Problem - Search the listing below for the line containing "the loaded dog". From there through the line containing "drygt 28,1 Mkr", transcribe every line exactly, both ends included.

Supplied material -
+ + + + + + +
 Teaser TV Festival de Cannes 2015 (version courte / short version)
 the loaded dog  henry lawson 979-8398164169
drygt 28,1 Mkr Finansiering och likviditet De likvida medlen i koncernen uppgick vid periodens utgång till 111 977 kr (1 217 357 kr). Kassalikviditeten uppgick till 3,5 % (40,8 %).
+ + + + + + +
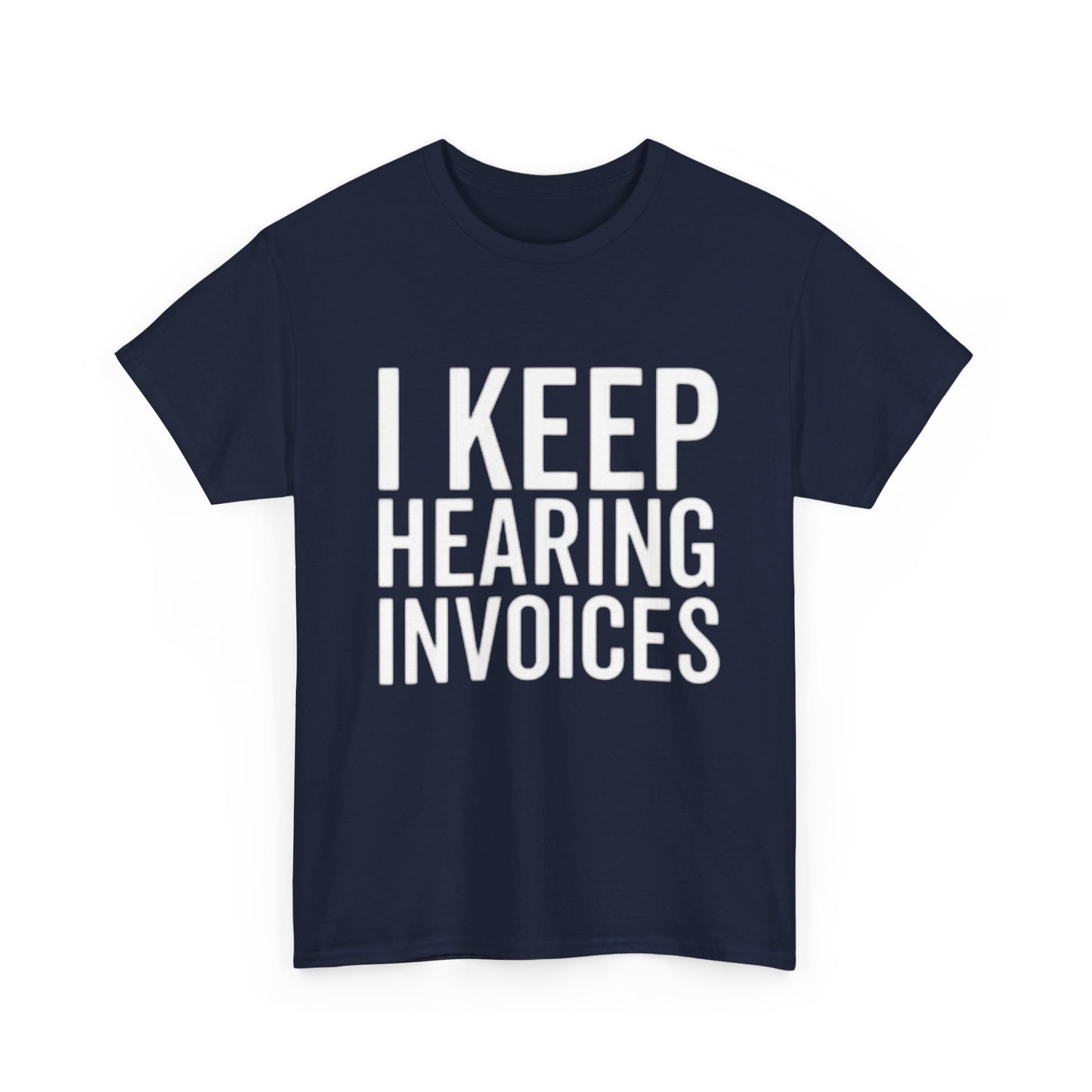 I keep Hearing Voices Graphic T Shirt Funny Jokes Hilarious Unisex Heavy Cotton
+ + + + + + +
Answer to this exercise -
 the loaded dog  henry lawson 979-8398164169
drygt 28,1 Mkr Finansiering och likviditet De likvida medlen i koncernen uppgick vid periodens utgång till 111 977 kr (1 217 357 kr). Kassalikviditeten uppgick till 3,5 % (40,8 %).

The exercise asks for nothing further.